Home prices will continue rising rapidly across broad swaths of Canada in 2021 as low housing supply forces buyers into fierce bidding wars.
That’s the message RBC Senior Economist Robert Hogue is sharing in the bank’s 2021 housing market outlook, published today.
Titled “Canada’s housing market headed for another record year in 2021,” the report identifies robust pre-pandemic housing demand that was carried forward to 2020’s second half as the primary reason why supply is so diminished across many provinces and major regional markets.
Hogue wrote that active home listings in late 2020 were significantly lower than the 10-year average in Ontario, Quebec, most of Atlantic Canada and BC.
“And that’s despite a surge in downtown condo listings since spring in Canada’s largest cities.
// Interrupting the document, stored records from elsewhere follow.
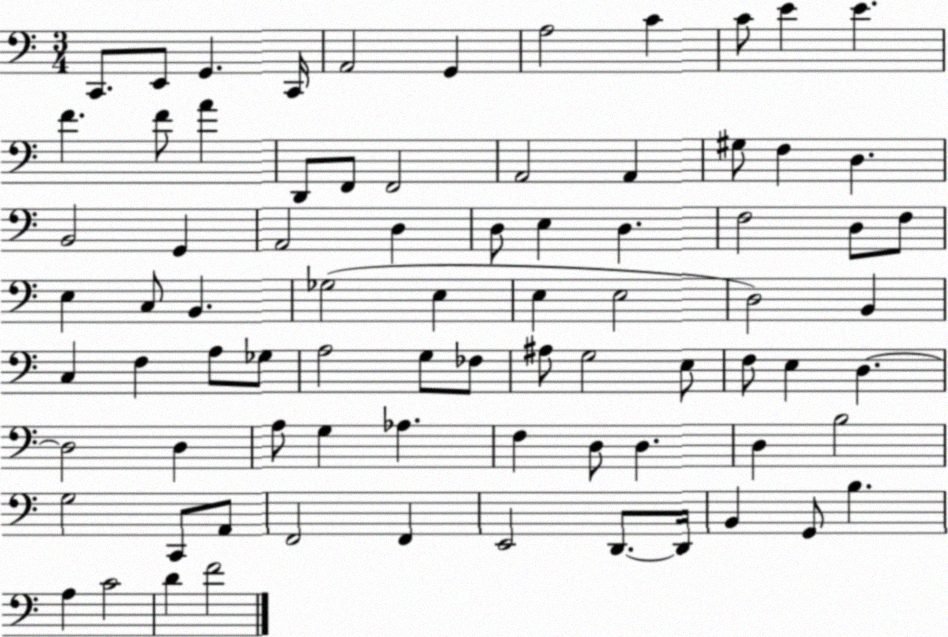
X:1
T:Untitled
M:3/4
L:1/4
K:C
C,,/2 E,,/2 G,, C,,/4 A,,2 G,, A,2 C C/2 E E F F/2 A D,,/2 F,,/2 F,,2 A,,2 A,, ^G,/2 F, D, B,,2 G,, A,,2 D, D,/2 E, D, F,2 D,/2 F,/2 E, C,/2 B,, _G,2 E, E, E,2 D,2 B,, C, F, A,/2 _G,/2 A,2 G,/2 _F,/2 ^A,/2 G,2 E,/2 F,/2 E, D, D,2 D, A,/2 G, _A, F, D,/2 D, D, B,2 G,2 C,,/2 A,,/2 F,,2 F,, E,,2 D,,/2 D,,/4 B,, G,,/2 B, A, C2 D F2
With so few options to choose from (outside downtown condos), buyers will continue to compete fiercely,” he wrote.
Stiff buyer competition means prices will continue their swift upward march in these provinces, with Hogue predicting a 9.6 percent rise in Ontario for 2021. Quebec is forecast to record a nine percent jump, while BC is pegged for an 8.6 percent increase in property values.
Rather than fixating on the large urban markets in these provinces, the economist was quick to point out that rising prices isn’t just a “big-market story.”
“The pandemic has heated up prices in smaller markets too. In fact, we could see stronger gains in smaller markets than in core urban areas because downtown condo prices are likely to stay flat through much of 2021,” Hogue wrote.